Jamais cette Phalange n’a existé, tout comme l’affaire des rubis des Khmers Rouges - il signale toutefois qu’il y aurait un fond de vérité à cette information - jamais les ministères vietnamiens n’ont songé à la création d’une telle unité spéciale, tout comme la capture de Pol Pot n’a pas été envisagée par qui que ce soit dans l’administration gouvernementale et que l’objectif d’une présence vietnamienne au Cambodge n’avait pour seul objectif, celui de libérer un peuple du joug de ce groupe fanatique.

Quel but a motivé le narrateur en se lançant dans cette aventure romanesque : dénoncer le génocide en ramenant à l’avant-scène celui du Cambodge réellement survenu durant les années Pol Pot ; décrier les affres de la guerre et les monstruosités que certaines idéologies dogmatiques représentent pour les civils.

Nous pourrions questionner à n’en plus finir le pourquoi de cette soumission aveugle des Cambodgiens, leur obéissance inconditionnelle à répondre aux ordres fallacieux des Khmers Rouges et combien d’autres interrogations surgissant à notre esprit.
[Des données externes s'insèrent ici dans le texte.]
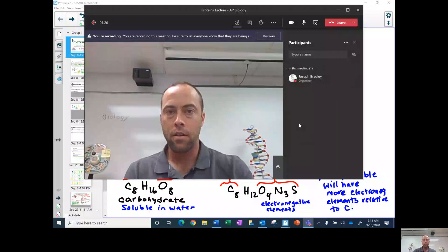Hello, welcome to our AP Biology lesson on proteins. Let me share my screen with you.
Y répondre parut impossible au narrateur. Tellement d’événements précédant ou provoquant cette situation rappellent à quel point nous avons été sciemment éloignés du quotidien de la vie politique régnant au Cambodge entre les années 1975 et 1979, alors que ses habitants ne recevaient que des ordres à suivre.

Le monde entier ne savait que peu de choses, le pays s’étant littéralement coupé des liens extérieurs à son territoire, de sorte qu‘il devient impossible de porter un jugement autant sur son silence et sa non-intervention.

Visiter les “killing fields” et la prison S-21, 30 ans plus tard, ne change rien aux atrocités qui s’y sont déroulées. On aura beau chercher dans Phnom Penh, cette ville redevenue vivante, il sera difficile d’accoster un Cambodgien souhaitant parler de ces années cauchemardesques. Au fond de lui-même, encore interpellé par cette période, il observe un silence meurtri.

Cet épilogue n’en est pas tout à fait un, il ressemble plutôt à un aveu d’impuissance. Celle ressentie lorsque éclate à nos yeux, dans un fracas indescriptible, la cruauté d’hommes recherchant le pouvoir qu’ils auront bâti sur la peur des gens, agitant l’espoir d’un avenir meilleur.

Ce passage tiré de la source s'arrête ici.